Unstoppable European E-commerce markets

Unstoppable European E-commerce markets

The European E-commerce markets are currently unstoppable and there are large opportunities and
market shares to take for Nordics E-commerce companies.


Robust growth over the past decade accelerated with the Covid 19 pandemic with many more
consumers going online for the first time: 71% of the EU population bought online in 2020, up from 66% in 2019, and 64% in 2018. This trend is expected to continue to grow as consumers having gained
experience, saw the advantages of online sales and expect a seamless experience including a
combination of online and offline interactions for their shopping. Prior to the pandemic, 70% of retailers,
especially micro-businesses, had no e-commerce offering. This has changed, and a digital presence
showed itself as a vital lifeline and a matter of survival for many companies facing repeated waves of
restrictions and are today very short of liquidity. When examining the pace of growth online versus offline, the numbers speak for themselves. The e-commerce value growth rate in France is, at its lowest, 7 times higher than the offline growth rate—and up to 16 times higher in Italy.

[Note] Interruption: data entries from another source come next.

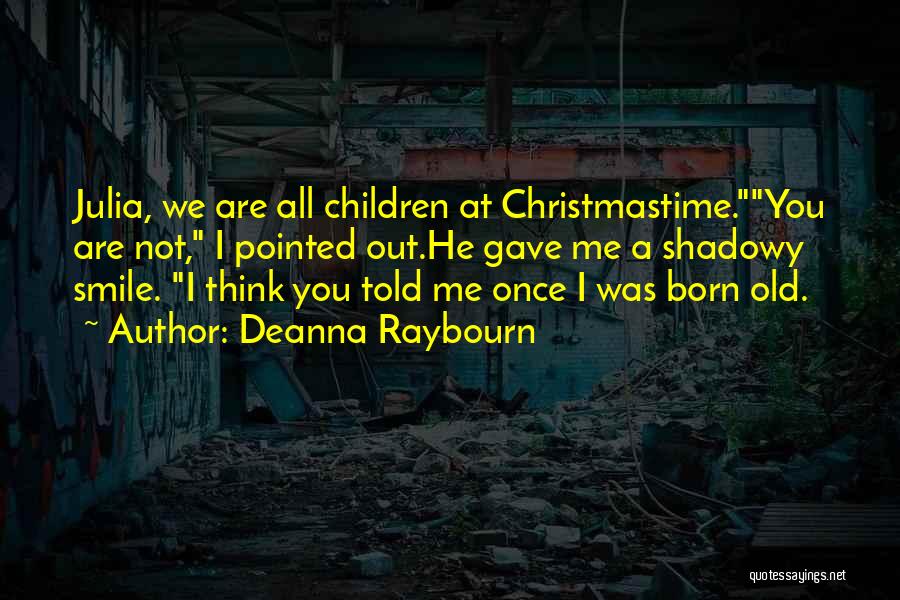 Deanna Raybourn Quotes: Julia, We Are All Children At Christmastime.you Are Not, I Pointed Out.he Gave Me A Shadowy Smile. I Think You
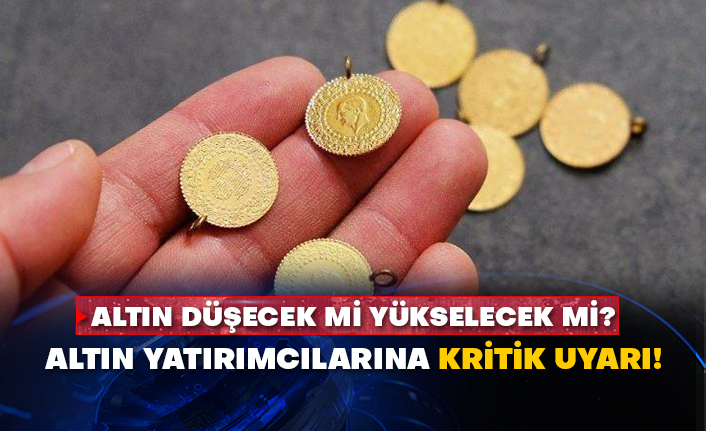 Altın düşecek mi yükselecek mi? Altın yatırımcılarına kritik uyarı!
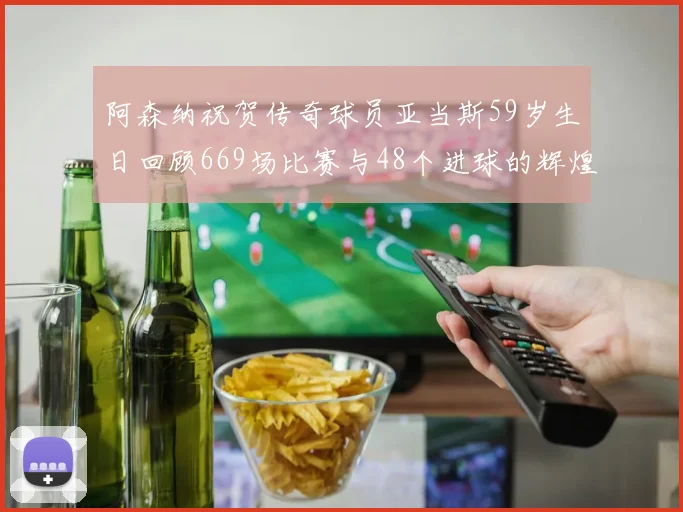阿森纳祝贺传奇球员亚当斯59岁生日回顾669场比赛与48个进球的辉煌历程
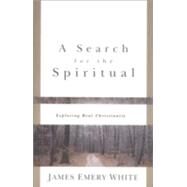 Search for the Spiritual : Exploring Real Christianity by White, James Emery, 9780801058189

E-commerce was always destined to transform retail, but without question, COVID-19 accelerated this
trajectory. While in past years digital access was expanded and business models tested, 2020 proved both
the necessity and viability of e-commerce. But this is just the tip of the iceberg. According to Jens Ohlig, NielsenIQ’s Managing Director for Western Europe, e-commerce accounted for more than €30 billion in the big five European countries alone in 2020. “The growth in online channels for retailers who get the formula right is more than making up for lower in-store growth rates,” says Ohlig. “As we’ve seen in other regions around the world, while online sales are skyrocketing, there’s still room for growth. Things that used to be barriers to entry aren’t as strong anymore, and we’re seeing that in our e-commerce measurement.”